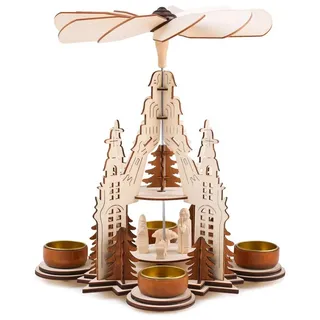 Brubaker Weihnachtspyramide Kathedrale 2-stöckig, 26 x 29 cm für Teelichter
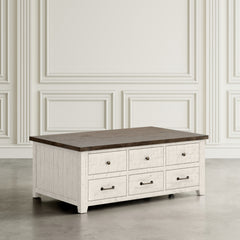 Madison County Harris Vintage White Lift Lid Cocktail Table - Ornate Home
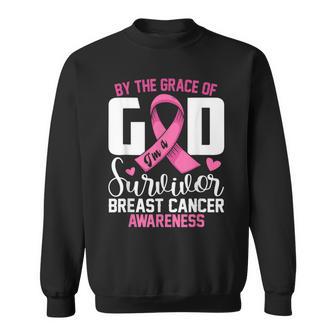 By The Grace God I'm A Survivor Breast Cancer Survivor Sweatshirt - Thegiftio UK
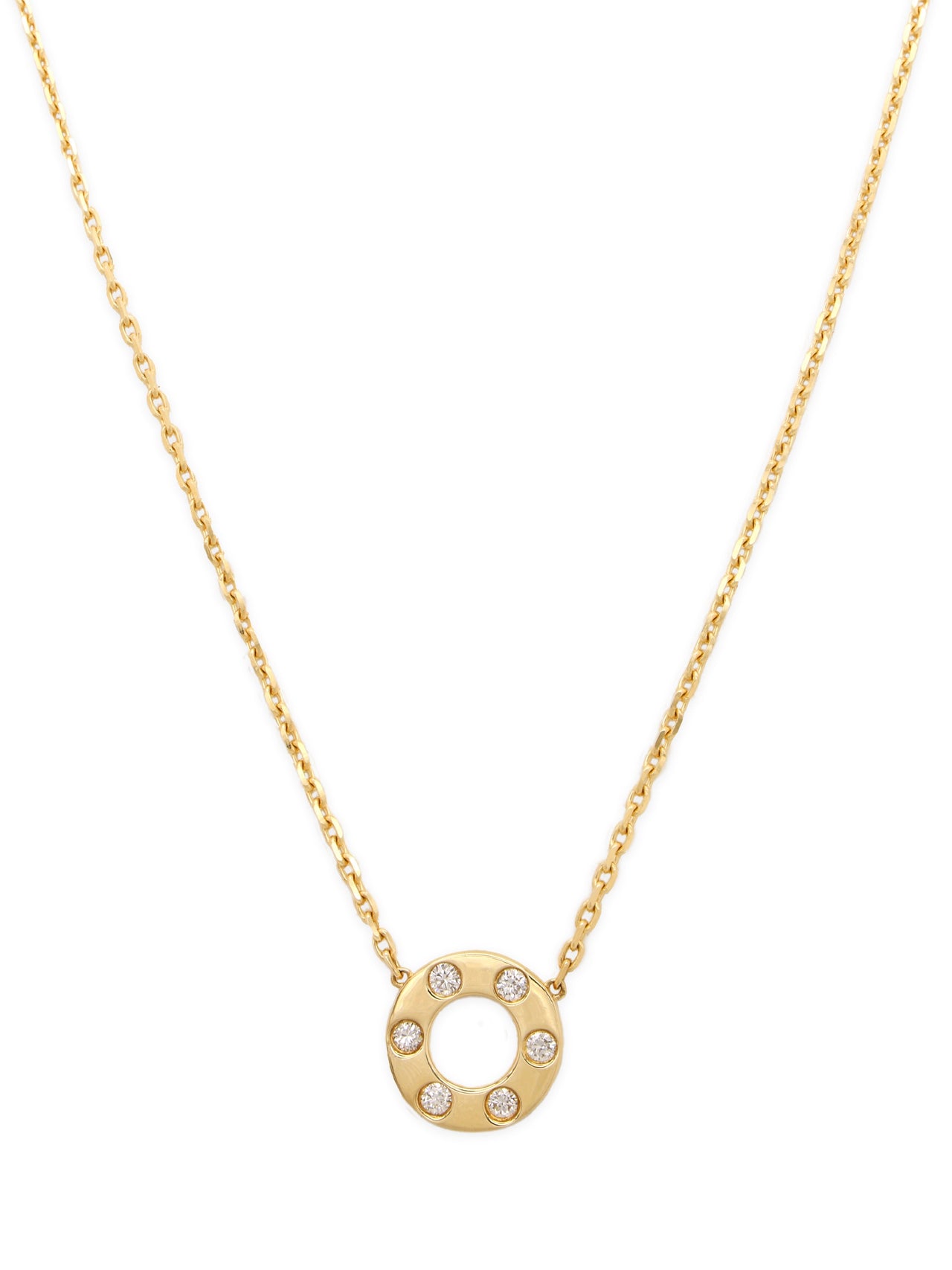 14k Yellow Gold Diamond Eternity Necklace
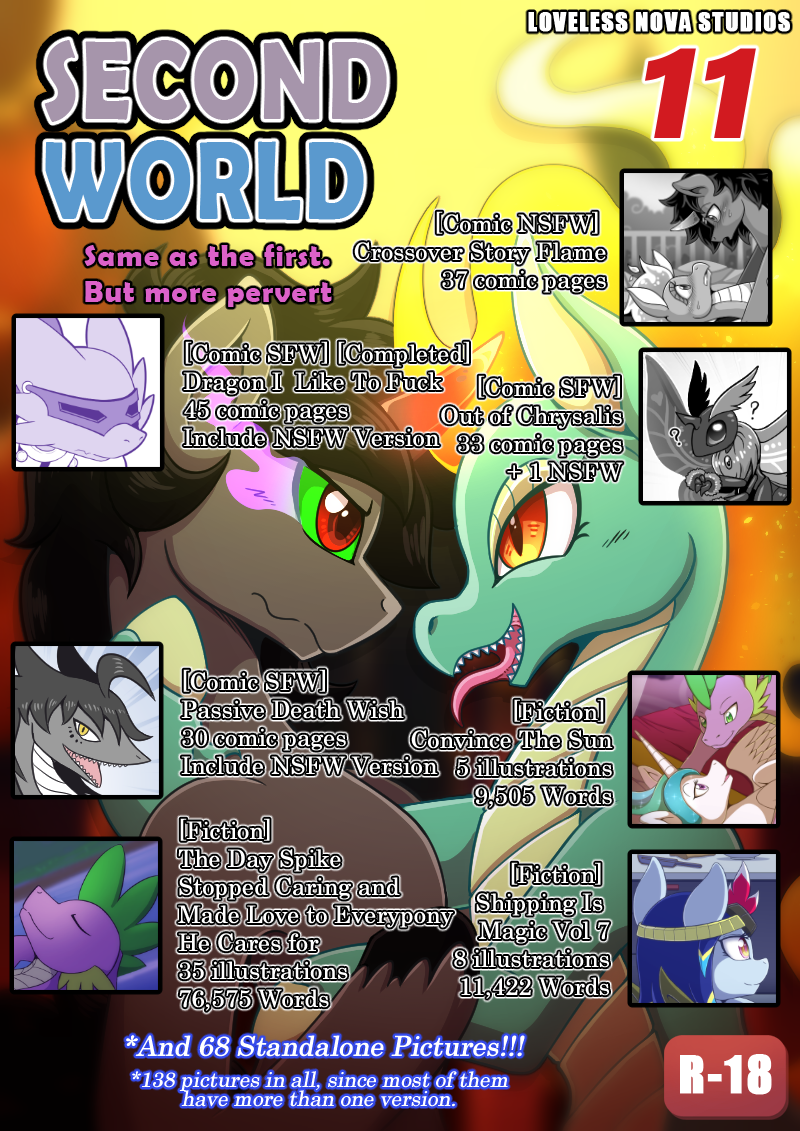 advertisement art_pack arthropod comic equid equine fan_character female friendship_is_magic horn insects king_sombra_(mlp) kobold lepidopteran longma male mammal moth my_little_pony princess_celestia_(mlp) queen_chrysalis_(mlp) scp-682 scp_foundation second_world smooth_skin spike_(mlp) them's_fightin'_herds tianhuo_(tfh) unicorn vavacung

• What you need to do
Without any of its images, the data above should be returned exactly.

• Solution for this task
 Brubaker Weihnachtspyramide Kathedrale 2-stöckig, 26 x 29 cm für Teelichter
 Madison County Harris Vintage White Lift Lid Cocktail Table - Ornate Home
 By The Grace God I'm A Survivor Breast Cancer Survivor Sweatshirt - Thegiftio UK
 14k Yellow Gold Diamond Eternity Necklace
 advertisement art_pack arthropod comic equid equine fan_character female friendship_is_magic horn insects king_sombra_(mlp) kobold lepidopteran longma male mammal moth my_little_pony princess_celestia_(mlp) queen_chrysalis_(mlp) scp-682 scp_foundation second_world smooth_skin spike_(mlp) them's_fightin'_herds tianhuo_(tfh) unicorn vavacung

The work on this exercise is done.